By that I mean that I think people often mean both. Some projects are
obviously hackathon-like projects that were done in (something close to) a
single weekend.

Others probably took on the order of 4 days to a few weeks cobbled together
over weekends. I worked on [http://lifestyle.io/](http://lifestyle.io/) for
probably about 5 days total before launching it, and I've given it additional
love since.

I wouldn't get hung up on what you can get done in a weekend anyway. Focus on
creating real value with what you do if you're intending to profit. (Hint:
many of these weekend projects forget that part entirely!) If you just want to
have fun, then you definitely don't need to worry about timescales.

------
caw
I'm really curious about the t-shirt project being a "micro-project". When I
heard micro-project, I thought a couple of weekends of working, small niche
market, and mostly electronic based.

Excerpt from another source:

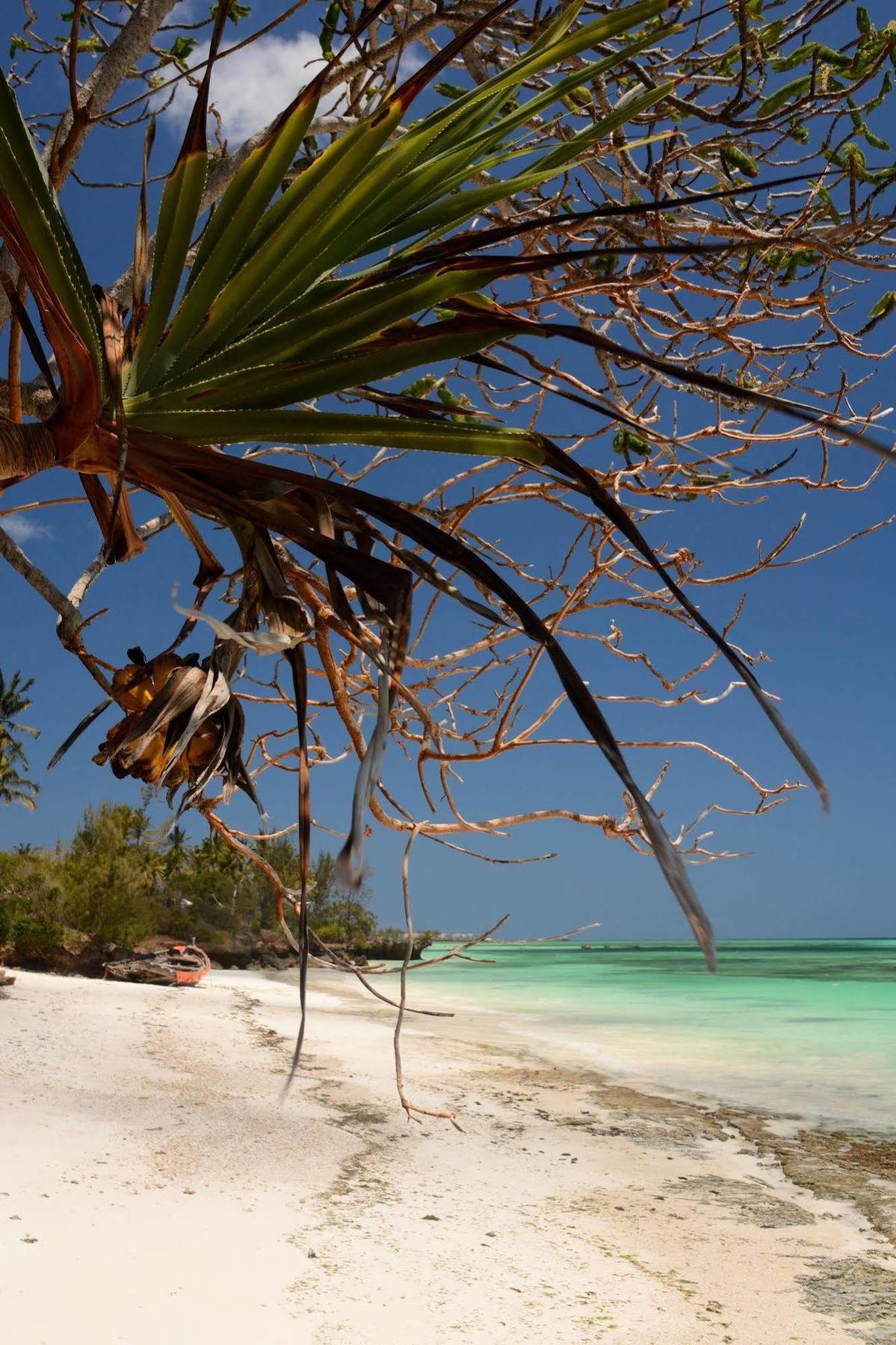 Unguja Zanzibar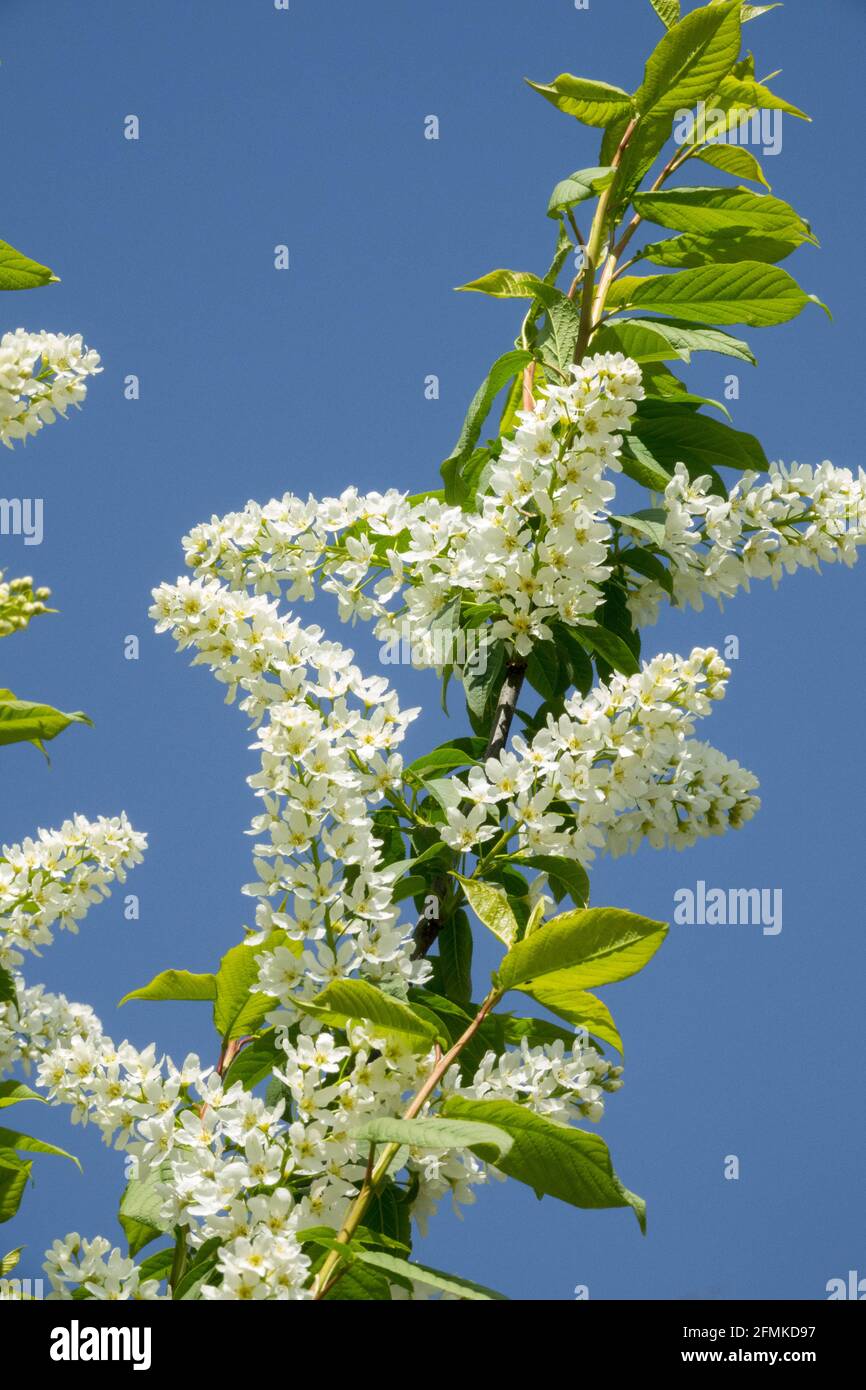 Fiore bianco uccello Ciliegio Prunus Padus fiorire Foto Stock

Teelaunch seems to require a large
physical component (t-shirt printing and distribution). Even if you print on
demand there's still a lot of work to be done there and high capital
expenditure.

------
soulcutter
I feel getting the right kind of feedback, or the right kind of information is
the trick. How much value do you get from the various quantitative approaches
you took? What just felt like navel-gazing?

------
gailees
I love this type of shipping mentality. How do you think hackathons could play
into this?